Note that for the second participant, the forward lag (ordinary function) already worked well. I also asked for the backwards calculation for that and that gave a zero lag but still a reasonable cross-correlation. And in that case, perhaps, the code is correct but for some reason, the second signal for the first participant really shouldn't be shifted backwards?
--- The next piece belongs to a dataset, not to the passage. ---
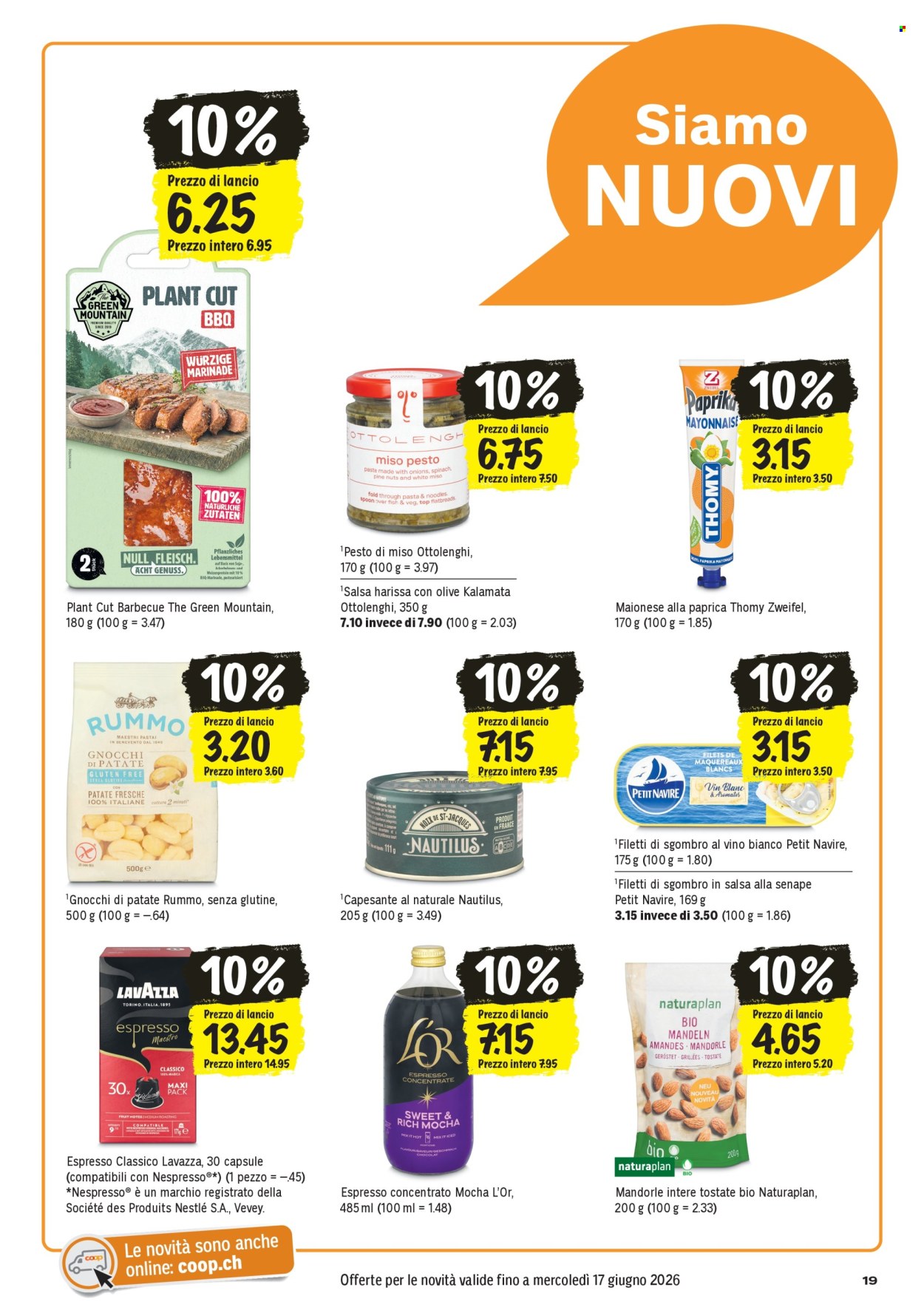Volantino Coop - 4.6.2026 - 10.6.2026. Pagina 19. Pagina 19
Below is the output for the second participant in case that helps:
Processing data for participant 25919... Data type of index for participant 25919: datetime64[ns] Data type of index for participant 25919: datetime64[ns] 3788001 3788001 Maximum Correlation Value for participant 25919: 0.6311162750258501 Index of Maximum Correlation Value for participant 25919: 266 Maximum -backwards- Correlation Value for participant 25919: 0.5906250524659878 Index of Maximum -backwards- Correlation Value for participant 25919: 0
To find the possibility that signal2 should be shifted backwards for the best cross-correlation, I first put signal2 and then signal1 into the function and that did not work out for the first participant (based on visualizations where, without adjusting for any lags yet, the second signal (Red) always comes a bit before signal1.
Also, in case anyone directs me to this question page https://stackoverflow.com/questions/63491991/how-to-use-the-ccf-method-in-the-statsmodels-library#:~:text=The%20statsmodels%20ccf%20function%20only,input%20series%20and%20the%20output.
I already tried
corr_backwards = sm.tsa.stattools.ccf(signal2, signal1, adjusted=False)[::-1]
and
corr_backwards = sm.tsa.stattools.ccf(signal1[::-1], signal2[::-1], adjusted=False)[::-1]
and these give cross-correlation values of 0 and does not make sense for any participant.